Nuova sede nella Bassa per il centro di solidarietà dopo lo sfratto.
Rassegna stampa.
«L’addio al deposito di Zorlesco è un percorso concordato con l’amministrazione comunale, perché non si può rischiare la salute e la sicurezza. Al tempo stesso siamo decisissimi a mantenere il servizio nella Bassa, e per questo ogni aiuto è sempre ben accetto». A parlare così è don Peppino Barbesta, presidente dei Lavoratori Credenti, interpellato per un commento sulla notizia della chiusura entro dicembre del centro di solidarietà di Zorlesco, dove ogni settimana sono distribuiti ai poveri, perlopiù stranieri, mobili e arredamento usati raccolti in giro per tutto il nord Italia. Il centro, situato nel perimetro della piattaforma ecologica di Zorlesco, effettua oltre 2 mila consegne in un anno soprattutto a stranieri provenienti da tutta la Lombardia.
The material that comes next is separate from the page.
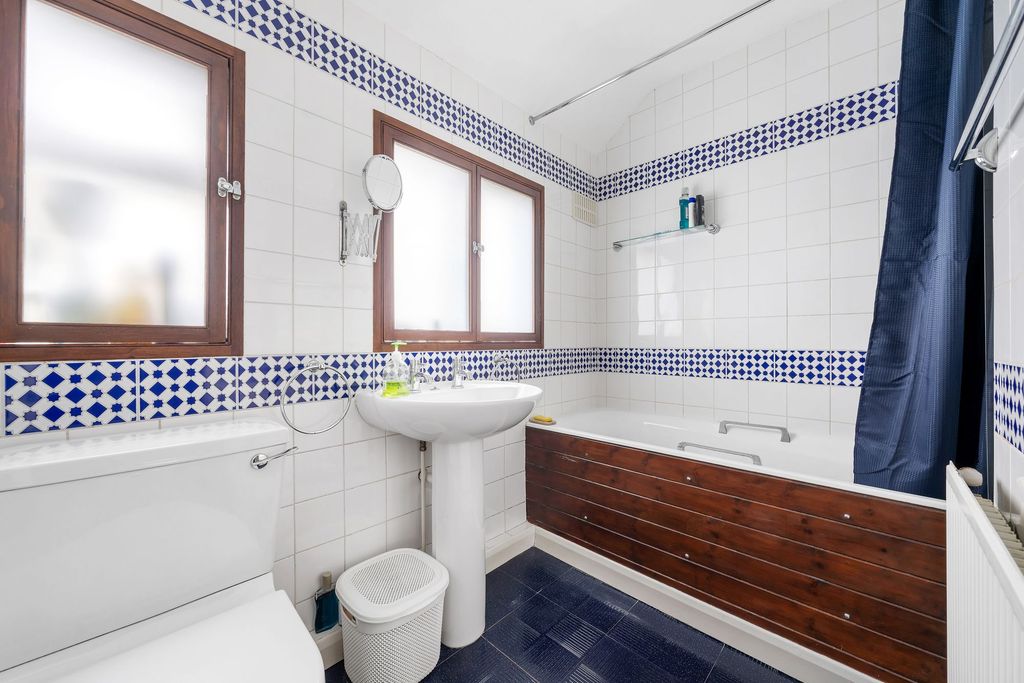 Additional image 10 of 2 bed terraced house for saleLeesons Hill, Orpington BR5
La nuova amministrazione di centrodestra ai primi di luglio aveva segnalato all’associazione le gravi carenze strutturali del capannone, di proprietà comunale, dove i Lavoratori Credenti tengono questo servizio da oltre 15 anni. Tetto in ondulina d’amianto, perdipiù con alcuni buchi, mancanza di ogni dotazione antincendio, delle porte tagliafuoco e delle uscite d’emergenza, assenza del collegamento all’impianto elettrico sono i principali rilievi. «Quando l’amministrazione ce l’ha fatto presente, abbiamo subito concordato che non ci sono le condizioni di sicurezza adatte al servizio - spiega don Barbesta -. L’assessore Luca Peviani, che ha seguito la vicenda, si è dimostrato molto disponibile, e per questo abbiamo concordato un’uscita con dei tempi adatti a trovare una nuova sistemazione».
La riqualificazione del capannone, e in particolare la rimozione dell’eternit dal tetto, avrebbe avuto un costo di circa 170 mila euro secondo le stime che gli amministratori hanno comunicato all’associazione. «Di fronte a queste cifre siamo tutti d’accordo che vale la pena trovare un’altra soluzione, sempre restando a operare nella Bassa Lodigiana - continua don Barbesta -. Dopo le ferie estive potremmo avere qualche novità. In particolare esiste l’ipotesi di utilizzare un deposito a Codogno insieme alla Caritas diocesana, ma ci sono anche altre possibilità. Di sicuro vogliamo continuare a mantenere il servizio per i più poveri, e per questo sarà ben accetto qualsiasi aiuto proveniente anche dalle amministrazioni comunali». Dalla ricostruzione di don Peppino Barbesta sarebbe esclusa quindi una scelta politica da parte dell’amministrazione, «con la quale i rapporti sono cordiali» come dice il prelato. Secondo alcune voci di paese non confermate, una volontà politica dietro la chiusura ci sarebbe comunque, ma l’ufficialità parla soltanto di problemi tecnici. «Ma se si vuole essere rigorosi rispetto alla sicurezza del capannone di Zorlesco, allora bisognerebbe esserlo con tutte le situazioni, anche dei privati - dice un ex amministratore in un commento non ufficiale -. Di questo passo, puntando sui divieti e le negazioni invece che cercando soluzioni, a Casale annulleremo ogni tipo di vita sociale da quella impegnata a quella aggregativa». Gli stessi residenti di Zorlesco poi, aldilà di qualche lamentela, non hanno mai avuto problemi particolari. Il disagio degli abitanti è limitato alla presenza degli stranieri il sabato mattina, giorno di consegne: molti extracomunitari arrivano fin dalle 7 per prendere posto, si mettono sotto le finestre delle case a parlare e fumare, qualcuno maleducato urina negli angoli del muro. Episodi gravi però non si sono mai registrati. Così, una valutazione tutta negativa della vicenda arriva da Leopoldo Cattaneo, del Partito Comunista dei Lavoratori. «Possono anche aver concordato l’addio, ma resta la chiusura di un importante servizio d’accoglienza: l’amministrazione poteva trovare un’altra sede o sistemare l’esistente. In realtà si vuole colpire il mondo dell’immigrazione, e lo si fa adducendo pretesti tecnici per nascondere la politica razzista della Lega».